» **Work to complete**
Starting with the line that has "Used 2022 Ford Bronco Black Diamond image 15" in the records below and stopping after the line that has "Women's LIMITLESS Call", output every line exactly and nothing else; skip pictures.

» **Material for this task**
::::::

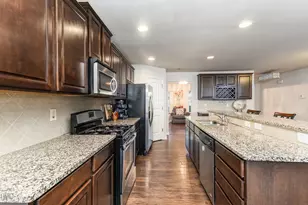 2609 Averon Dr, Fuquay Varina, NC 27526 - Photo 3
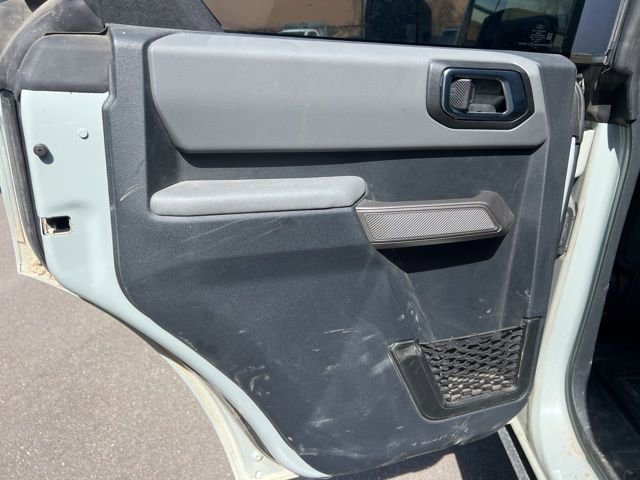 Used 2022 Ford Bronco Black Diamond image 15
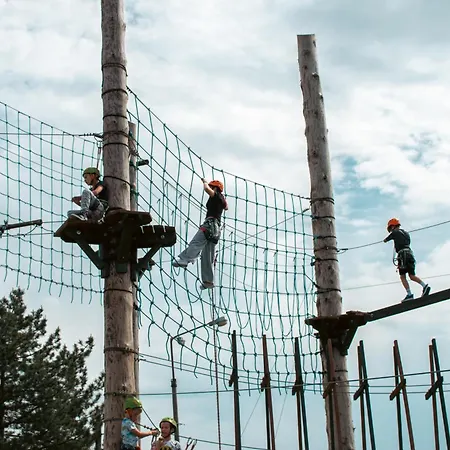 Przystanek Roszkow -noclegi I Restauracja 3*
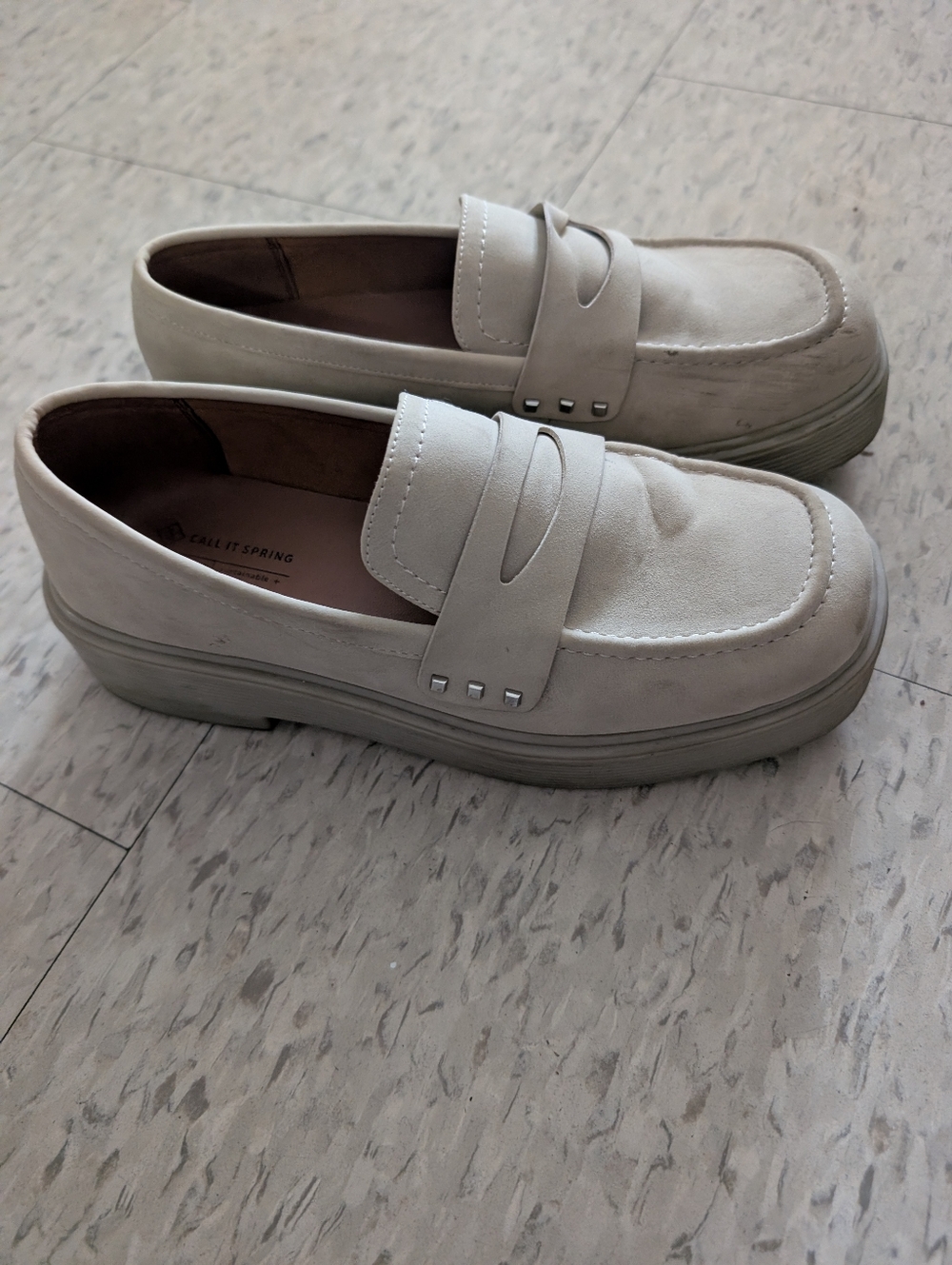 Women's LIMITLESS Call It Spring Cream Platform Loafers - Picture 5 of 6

::::::

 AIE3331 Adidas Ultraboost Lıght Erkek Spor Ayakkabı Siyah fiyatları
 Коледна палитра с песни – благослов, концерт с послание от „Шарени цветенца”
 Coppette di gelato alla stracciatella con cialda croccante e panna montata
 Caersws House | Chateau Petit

::::::

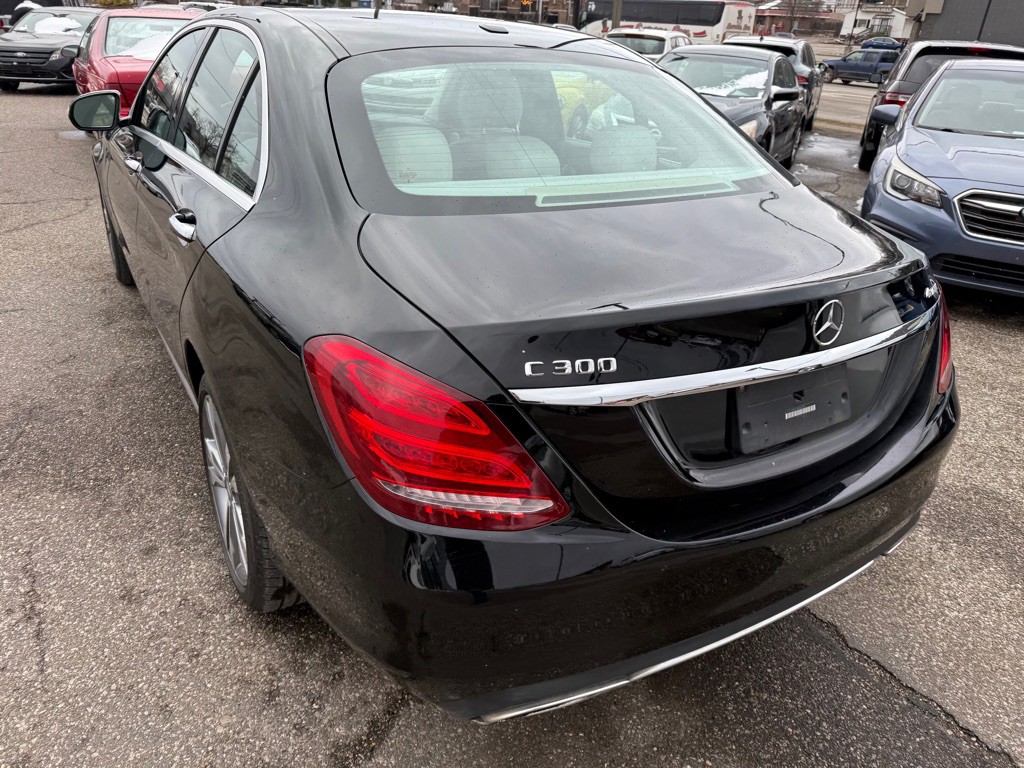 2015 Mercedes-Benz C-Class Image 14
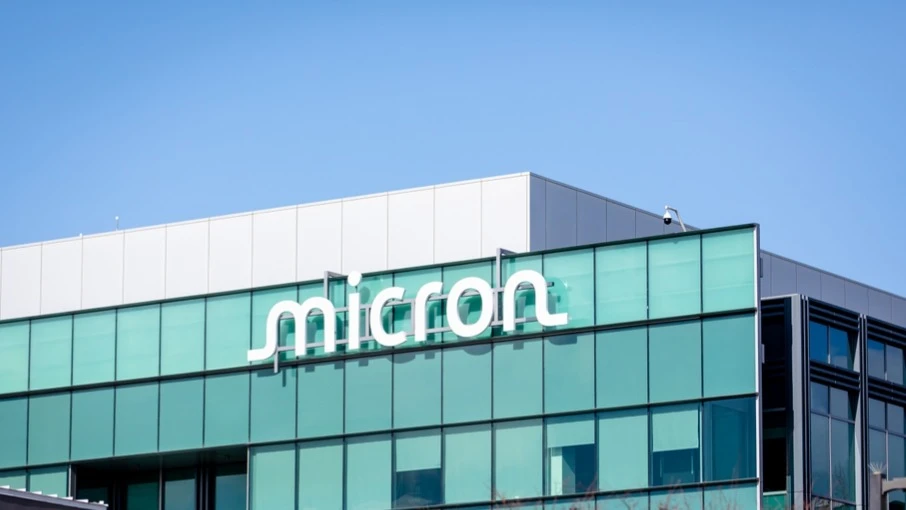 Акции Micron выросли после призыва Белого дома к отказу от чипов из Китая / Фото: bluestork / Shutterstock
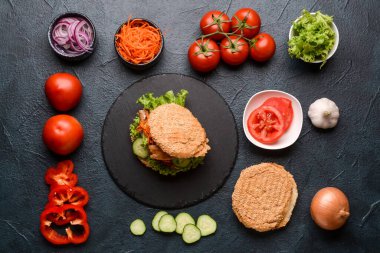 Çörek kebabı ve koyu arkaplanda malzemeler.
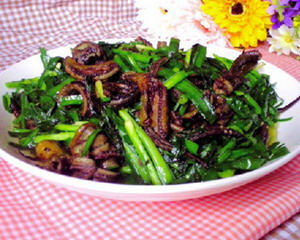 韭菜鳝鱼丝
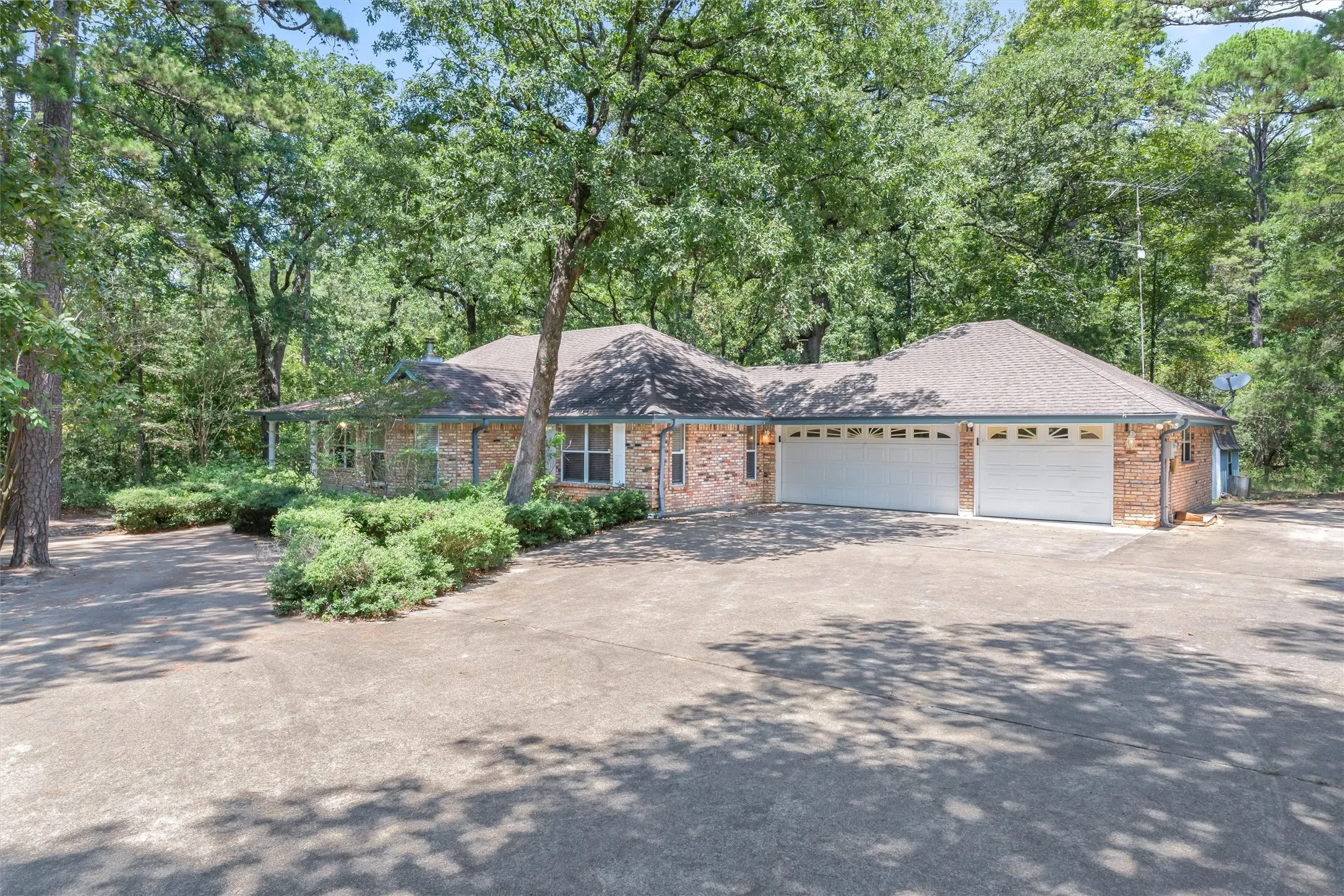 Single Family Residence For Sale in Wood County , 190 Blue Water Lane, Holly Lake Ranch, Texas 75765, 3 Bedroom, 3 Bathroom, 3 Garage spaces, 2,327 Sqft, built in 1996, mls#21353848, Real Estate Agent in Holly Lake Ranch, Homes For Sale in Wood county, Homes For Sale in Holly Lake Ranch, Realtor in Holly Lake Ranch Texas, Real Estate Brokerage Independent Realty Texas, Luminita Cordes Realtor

::::::

» **Task solution**
 Used 2022 Ford Bronco Black Diamond image 15
 Przystanek Roszkow -noclegi I Restauracja 3*
 Women's LIMITLESS Call It Spring Cream Platform Loafers - Picture 5 of 6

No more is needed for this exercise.